Symbolic Mathematics

Can you solve this differential equation? Please run:
import sympy as sp
import matplotlib.pyplot as plt
import numpy as np

# Define symbolic variable
x = sp.Symbol('x')
y = sp.Function('y')(x)

# Define the differential equation: y''(x) + 2*y'(x) + y(x) = 0
diff_eq = sp.Eq(sp.diff(y, x, 2) + 2*sp.diff(y, x) + y, 0)

# Solve the equation
solution = sp.dsolve(diff_eq)
print("Solution:")
print(solution)

# Plot a particular solution (C1=1, C2=0)
solution_func = solution.rhs.subs({sp.symbols('C1'): 1, sp.symbols('C2'): 0})
print("Particular solution:")
print(solution_func)

# Create a numerical function we can evaluate
solution_lambda = sp.lambdify(x, solution_func)

# Plot the solution
x_vals = np.linspace(0, 5, 100)
y_vals = [float(solution_lambda(x_val)) for x_val in x_vals]

plt.figure(figsize=(10, 6))
plt.plot(x_vals, y_vals)
plt.grid(True)
plt.title("Solution to y''(x) + 2*y'(x) + y(x) = 0")
plt.xlabel('x')
plt.ylabel('y(x)')
plt.show()

Data Analysis

Can you perform a clustering analysis on this dataset? Please run:

import numpy as np
import pandas as pd
import matplotlib.pyplot as plt
from sklearn.cluster import KMeans
from sklearn.preprocessing import StandardScaler

# Create a sample dataset
np.random.seed(42)
n_samples = 300

# Create three clusters
cluster1 = np.random.normal(loc=[2, 2], scale=0.5, size=(n_samples//3, 2))
cluster2 = np.random.normal(loc=[7, 7], scale=0.5, size=(n_samples//3, 2))
cluster3 = np.random.normal(loc=[2, 7], scale=0.5, size=(n_samples//3, 2))

# Combine clusters
X = np.vstack([cluster1, cluster2, cluster3])

# Create DataFrame
df = pd.DataFrame(X, columns=['Feature1', 'Feature2'])
print(df.head())

# Standardize data
scaler = StandardScaler()
X_scaled = scaler.fit_transform(X)

# Apply KMeans clustering
kmeans = KMeans(n_clusters=3, random_state=42)
df['Cluster'] = kmeans.fit_predict(X_scaled)

# Plot the clusters
plt.figure(figsize=(10, 6))
for cluster_id in range(3):
    cluster_data = df[df['Cluster'] == cluster_id]
    plt.scatter(cluster_data['Feature1'], cluster_data['Feature2'], 
                label=f'Cluster {cluster_id}', alpha=0.7)

# Plot cluster centers
centers = scaler.inverse_transform(kmeans.cluster_centers_)
plt.scatter(centers[:, 0], centers[:, 1], s=200, c='red', marker='X', label='Centers')

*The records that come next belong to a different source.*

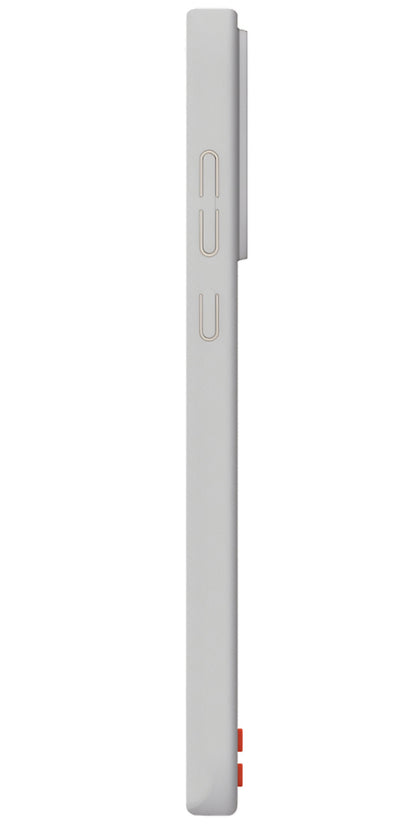 Case for OnePlus 15, Hole Pattern Magnetic, Gray 5431102022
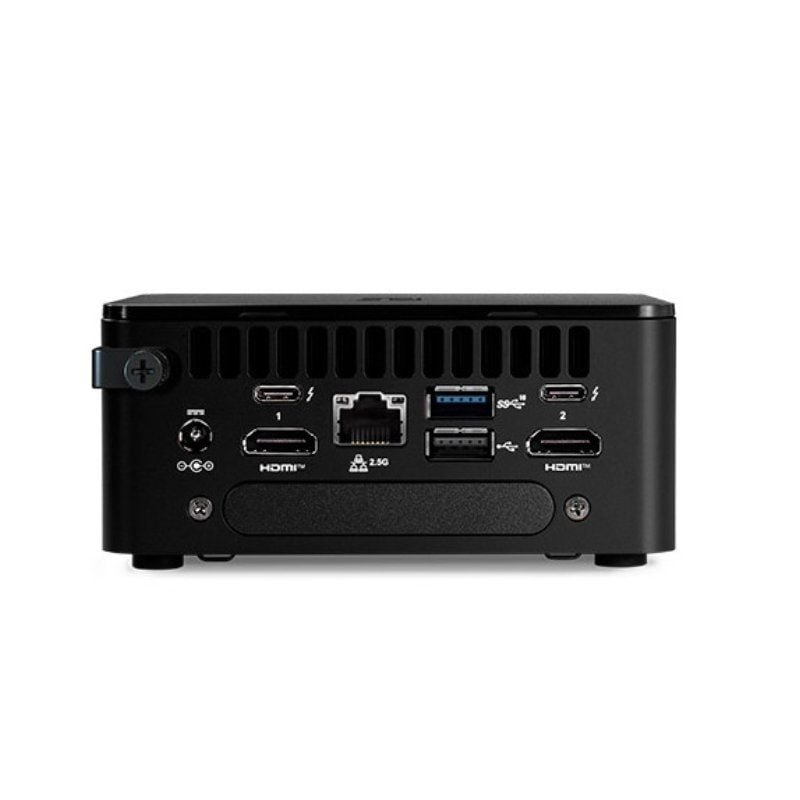 Minipc KVX NUC GEN13 Intel RNUC13ANHI300002I Intel Core I3-1315u / 16GB DDR4 / 512GB SSD / sem SO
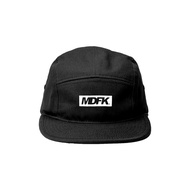 MDFK WHITE BOX 5 PANEL CAP (5 PANEL HAT MDFK) ORIGINAL 5 Panel Cap Original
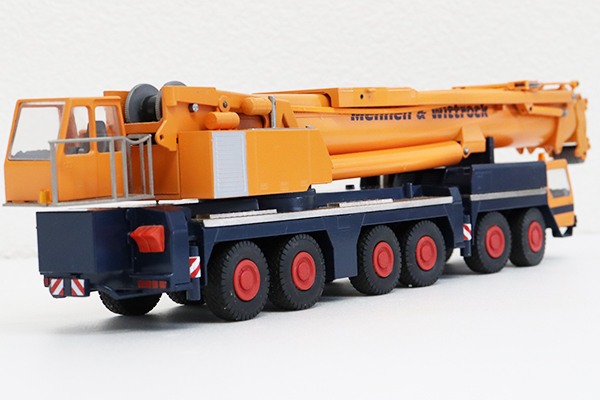 ミニカーショップ ケンボックス その他LIEBHERR LTM 1300/1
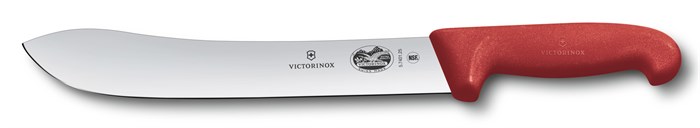 Нож кухонный Victorinox Fibrox Butchers knife - фото 95926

plt.title('K-Means Clustering Results')
plt.xlabel('Feature 1')
plt.ylabel('Feature 2')
plt.legend()
plt.grid(True)

Quantum Computing

quantum example

Gallery

laser physics:
laser

elliptic integral:
elliptic integral
elliptic integral pic

Troubleshooting

Common Issues

  1. Permission errors with volume mounts

    • Ensure the mount directory exists and has appropriate permissions
  2. Plot pciture files not appearing

    • Check the path in your host system: /tmp for macOS/Linux or your temp folder for Windows

    • Verify Docker has permissions to write to the mount location

    • check the mcp tool’s output content
      find the pic
      then open it in the terminal or your picture viewer.

      ⭐️ ⭐️
      I use the iterm-mcp-server or other terminals’ mcp servers to open the file without interrupting your workflow.
      ⭐️ ⭐️

Support

If you encounter issues, please open a GitHub issue with:

  1. Error messages
  2. Your operating system and Docker version
  3. Steps to reproduce the problem

License

This project is licensed under the MIT License.
For more details, please see the LICENSE file in this project repository.